As you can see, in iOS there is a fallback to HTML for malformed XHTML documents ... yes, there exists EPUBs authored with not-well-formed XML-HTML :( But otherwise, the application/xhtml+xml content type should be correctly passed into HTTP responses via the appropriate headers ... well, at least in the ReadiumSDK "launcher apps".

I am not sure about libxml's responsibility here, are you sure it isn't an implementation trick specific to UIWebview / WKWebView? (on iOS)

jccr commented 6 years ago

The mimetype served through HTTP is fine. The problematic bit is the html http equiv meta tag that has the incorrect mimetype.
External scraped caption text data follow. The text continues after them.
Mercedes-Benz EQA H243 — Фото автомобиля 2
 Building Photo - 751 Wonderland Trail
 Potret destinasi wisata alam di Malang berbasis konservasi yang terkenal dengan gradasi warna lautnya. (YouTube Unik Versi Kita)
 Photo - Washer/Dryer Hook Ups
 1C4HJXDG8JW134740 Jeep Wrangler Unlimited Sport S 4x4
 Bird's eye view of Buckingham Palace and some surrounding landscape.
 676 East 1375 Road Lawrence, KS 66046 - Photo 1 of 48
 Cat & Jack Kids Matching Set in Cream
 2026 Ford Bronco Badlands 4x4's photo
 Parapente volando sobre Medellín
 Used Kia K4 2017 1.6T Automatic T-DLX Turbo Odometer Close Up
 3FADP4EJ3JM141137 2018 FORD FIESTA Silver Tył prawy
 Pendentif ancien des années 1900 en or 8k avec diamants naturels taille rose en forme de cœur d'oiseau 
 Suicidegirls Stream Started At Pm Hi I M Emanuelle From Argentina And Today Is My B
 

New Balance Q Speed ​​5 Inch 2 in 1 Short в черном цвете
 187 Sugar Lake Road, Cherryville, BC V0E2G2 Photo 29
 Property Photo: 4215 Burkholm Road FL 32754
It appears that for this case it is always having the value of text/html.

The XML lib used by the ReadiumSDK logic seems to be responsible.

On Thu, Jun 21, 2018, 8:12 AM Daniel Weck, notifications@github.com wrote:

As you can see, in iOS there is a fallback to HTML for malformed XHTML documents ... yes, there exists EPUBs authored with not-well-formed XML-HTML :( But otherwise, the application/xhtml+xml content type should be correctly passed into HTTP responses via the appropriate headers ... well, at least in the ReadiumSDK "launcher apps".

I am not sure about libxml's responsibility here, are you sure it isn't an implementation trick specific to UIWebview / WKWebView? (on iOS)

— You are receiving this because you were mentioned.

Reply to this email directly, view it on GitHub https://github.com/readium/readium-sdk/issues/315#issuecomment-399138928, or mute the thread https://github.com/notifications/unsubscribe-auth/AE5RbFqVt2u7V18wl9s9zfA-rtxIMtWkks5t-7fXgaJpZM4UwC6B .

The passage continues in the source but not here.